= SOURCE RECORDS =

--- START ---

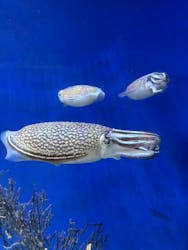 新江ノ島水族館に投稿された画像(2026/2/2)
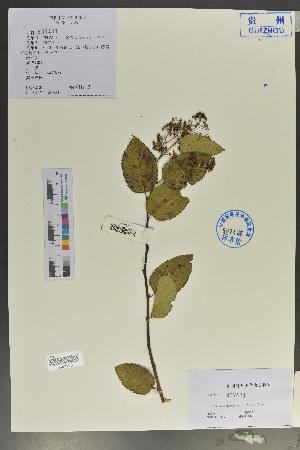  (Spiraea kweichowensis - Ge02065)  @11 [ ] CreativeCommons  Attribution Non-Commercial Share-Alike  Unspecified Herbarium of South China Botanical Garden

--- END ---
--- START ---

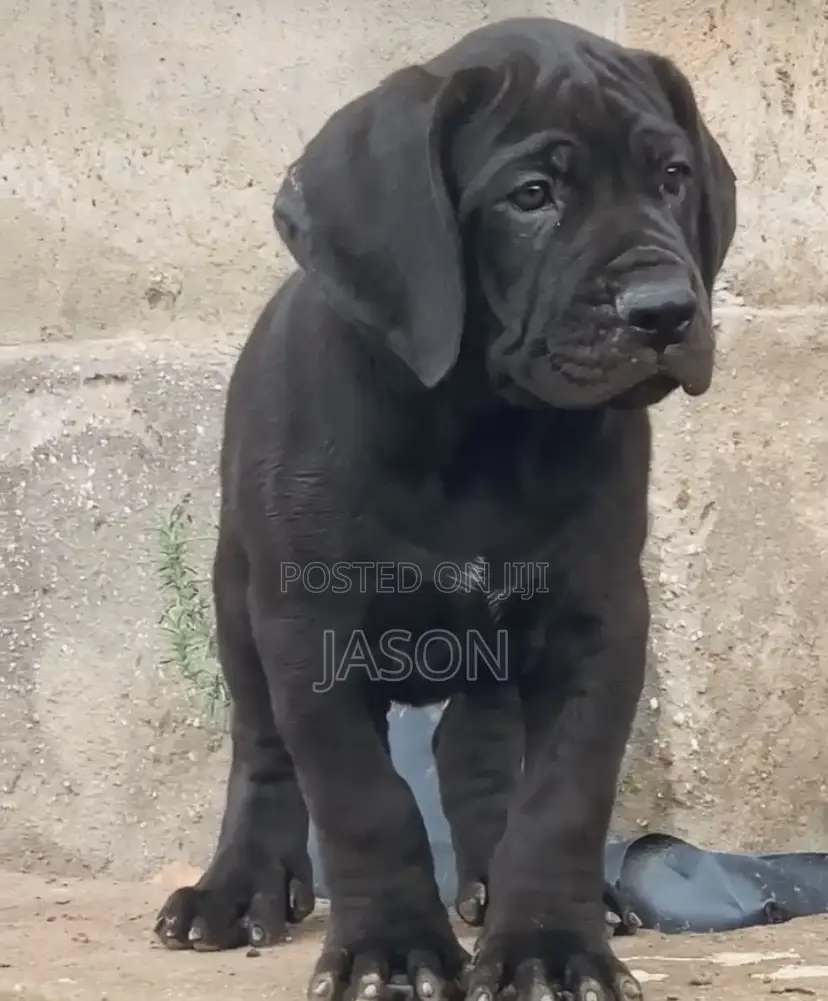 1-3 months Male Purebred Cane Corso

--- END ---

= TASK PROMPT =
Precisely those lines above that run from the line with "新江ノ島水族館に投稿された画像(2026/2/2)" up to and including the line with "(Spiraea kweichowensis - Ge02065)" are to be set down, with the pictures omitted.

= TASK ANSWER =
 新江ノ島水族館に投稿された画像(2026/2/2)
  (Spiraea kweichowensis - Ge02065)  @11 [ ] CreativeCommons  Attribution Non-Commercial Share-Alike  Unspecified Herbarium of South China Botanical Garden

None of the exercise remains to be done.